MapView
can be faster than MapRef
MapView
can be faster than MapRef
Chandler Carruth gave a pretty great lightning talk
at C++Now 2019 on his new ideas for a
Map
API; that is, the API for a data structure that stores key-value pairs. I disagreed
with some of his intuitions, such as the promiscuous use of overloading — in particular
I recall that some member functions took lambdas and were overloaded based on their
parameter’s parameter type! Yuck! But the thing that made it great was this observation:
Sometimes a
view
type is not just a convenience, but a performance optimization.
Chandler’s library provided not only Map<K,V>
, but also MapRef<K,V>
and MapView<K,V>
.
The difference between MapRef
and MapView
is mutability.
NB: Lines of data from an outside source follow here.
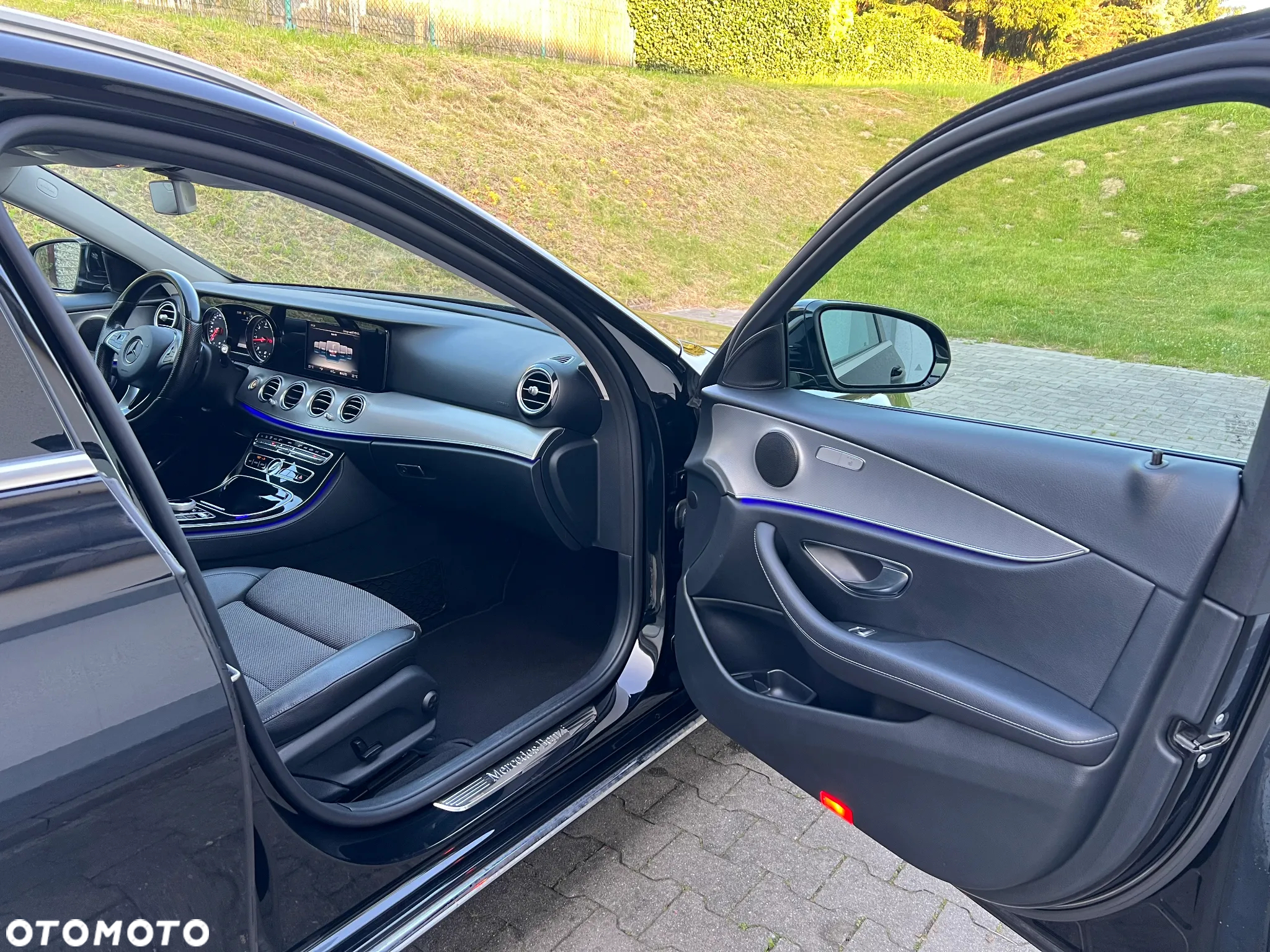 Mercedes-Benz Klasa E 220 d 4Matic T 9G-TRONIC - 25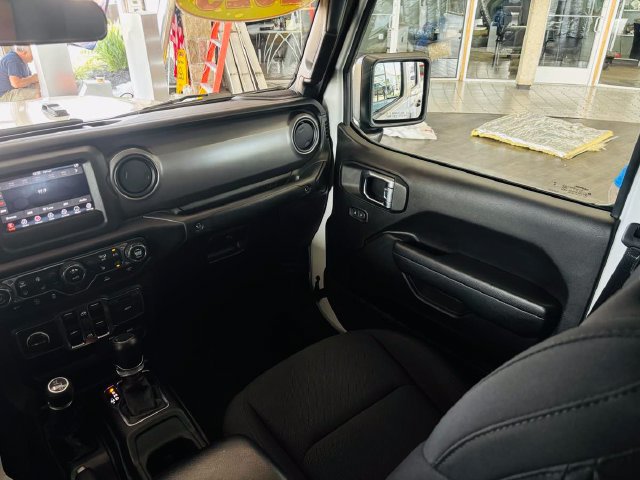 Used 2023 Jeep Gladiator Sport AWD/4WD image 43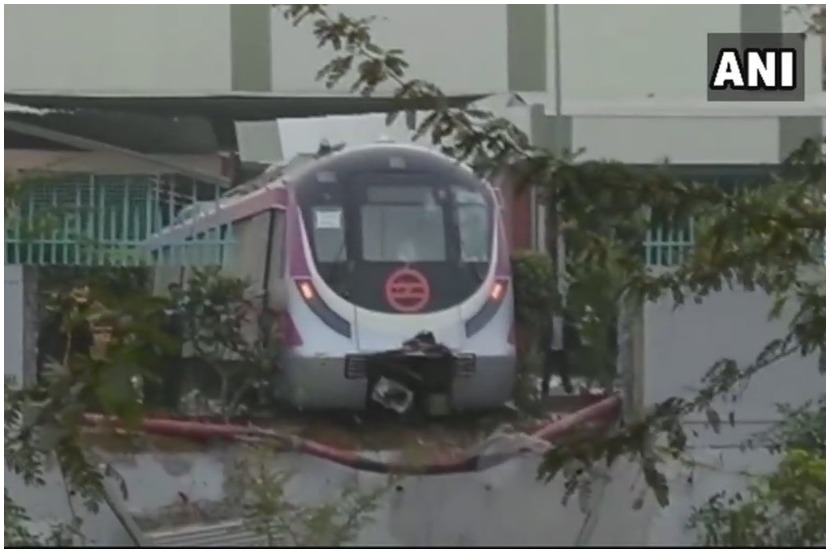 नोएडा आणि दक्षिण दिल्लीला जोडणाऱ्या मजेंटा लाइन मेट्रोचा मंगळवारी ट्रायल रन घेताना अपघात झाला.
MapRef
is mutable,
whereas MapView
is immutable.
A MapView
is more than just a ConstMapRef
. The name ConstMapRef
implies that
the holder of the reference can’t modify the map, but maybe someone else can. That is,
a ConstMapRef
behaves pretty much just like a const Map&
.
The name MapView
implies that the map itself can’t be modified. That is, a MapView
behaves pretty much like an iterator-pair, or a reference to some element of the map.
If I’ve got a MapView
into your map, and then you modify that
map by inserting or deleting elements, your action invalidates my view.
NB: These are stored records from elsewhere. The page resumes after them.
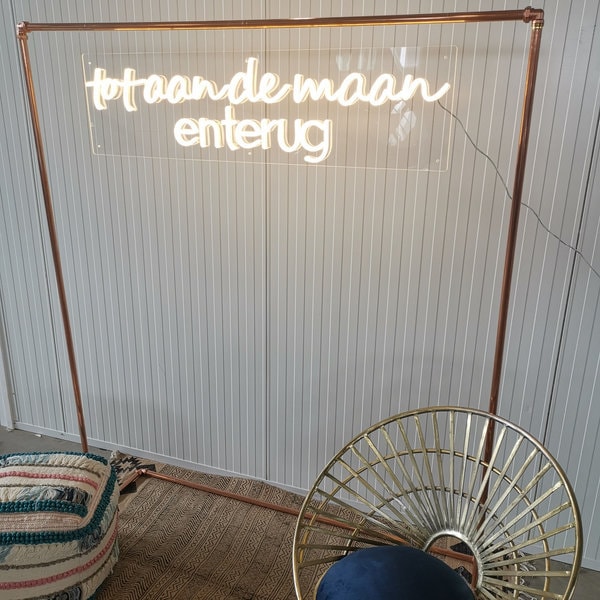 Bittersoet feestverhuur - Neon Tot aan de maan... - te huur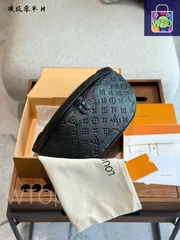 【今日特価】LV ルイヴィトン チェストバッグ/ウエストバッグ 圧花加工、ファスナー付き、折りたたみ箱包装付き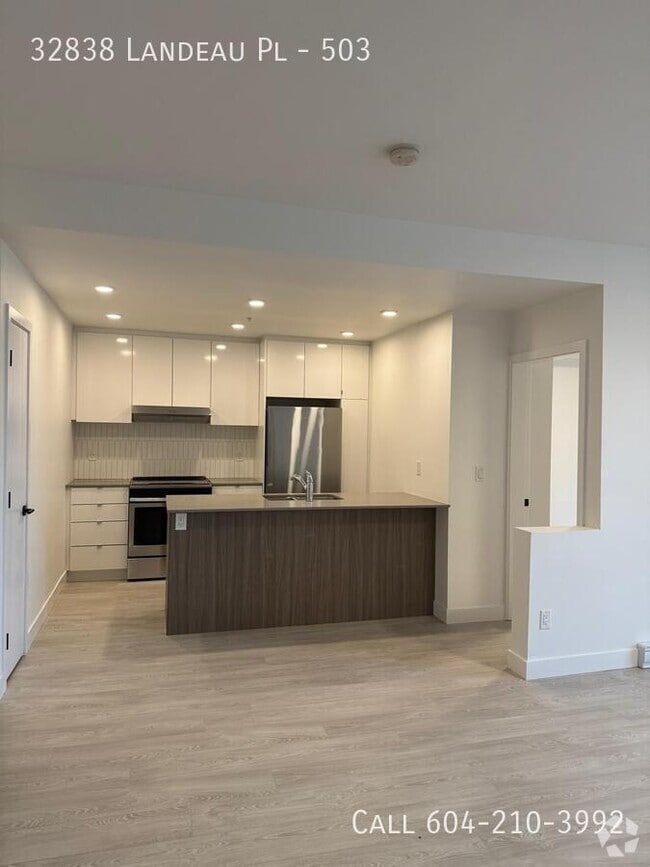 Building Photo - 32838 Landeau Pl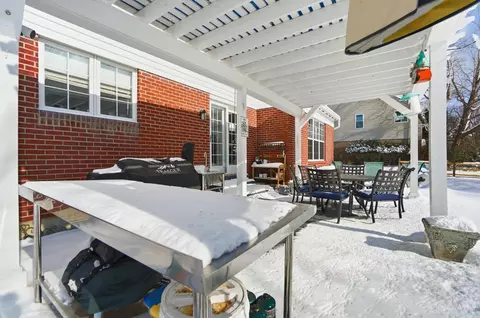 Exterior - 689 Bostwick Ct, Cincinnati, OH 45244 photo 6 of 13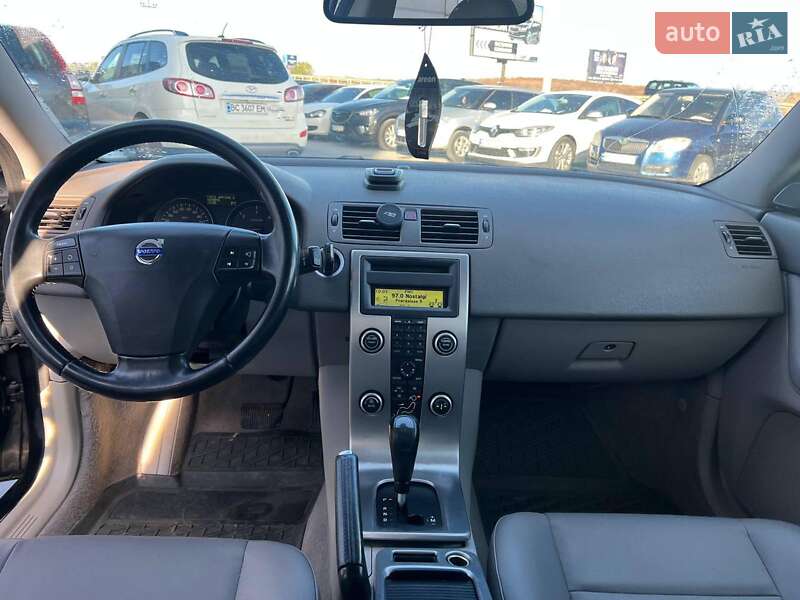 Универсал Volvo V50 2008 в Львове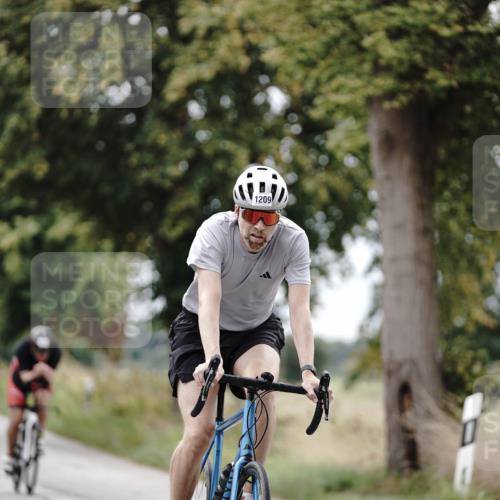 30.08.2026 - Elbe Triathlon Hamburg Michael Burmester http://msf.ph/oto/10074476 30.08.2026 10:48:33 Radfahren 919, 1091, 1142, 1148, 1209, 1246, 1289, 1308 meine-sportfotos.de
Accessing via an invalid view produces undefined behavior.
Suppose we have a Map
type like Chandler’s. The elements of the map are stored in
contiguous memory (unlike either std::map
or std::unordered_map
) because we like
cache-locality. Therefore, we might as well add a small buffer optimization (SBO).
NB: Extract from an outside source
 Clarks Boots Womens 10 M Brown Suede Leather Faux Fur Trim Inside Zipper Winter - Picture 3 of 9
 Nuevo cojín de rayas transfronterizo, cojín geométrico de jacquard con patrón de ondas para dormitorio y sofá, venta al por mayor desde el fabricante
If the map has few enough elements, we’ll just store them all in-line.
But SBO has a cost! Now every time we call m.lookup(key)
, we have to start by getting
a pointer to the map’s contiguous data. We could pull a libstdc++ std::string
and
store a pointer-to-our-own-buffer, but that would harm our trivial relocatability.
So instead, m
compares its size to the capacity of the SBO buffer and branches on the
result. It does this comparison and branch on every lookup. (Modulo the as-if rule,
of course.)
When we create a MapView
, on the other hand, we know that the underlying map will never
change size, and so its contiguous data will remain in the same place
on every lookup. We can cache the Map
’s data pointer as a member variable of our MapView
object.
(Notice that our MapView
remains trivially relocatable.) This means that when we use
a MapView
, we don’t perform a compare-and-branch on every lookup
! Lookups in a MapView
can be faster than lookups in a fundamentally-mutable Map
.
I wrote a quick benchmark to test this intuition with respect to const std::string&
versus
C++17 std::string_view
. Here are the results
(backup). Superficially, they support the
intuition above.
Iterating over the elements of a string via
int n = s.size();
for (int i=0; i < n; ++i) {
result += s[i];
}
takes noticeably longer when s
is a const std::string&
than when s
is a std::string_view
.
However, I think it would be wrong in this case to blame the compare-and-branch used (on libc++)
to fetch the data pointer; the assembly shows us that the compiler is sufficiently smart to
see that the string is not modified and thus to hoist the compare-and-branch out of the inner loop.
The other weird thing going on there is that using a ranged for
loop actually hurts our performance
a lot. I haven’t figured out what Clang is doing there. (Godbolt.)
Where Chandler’s differentiation of const Map&
from MapView
could really save us a lot of time,
even on a trivial benchmark like this one, is if Map::lookup
and MapView::lookup
are implemented
in a different object file. That would prevent the compiler from hoisting the compare-and-branch
as it has done in this simple case.
Conclusion: You can sometimes think of a view
type as a particularly ergonomic form of manual
loop-invariant code motion.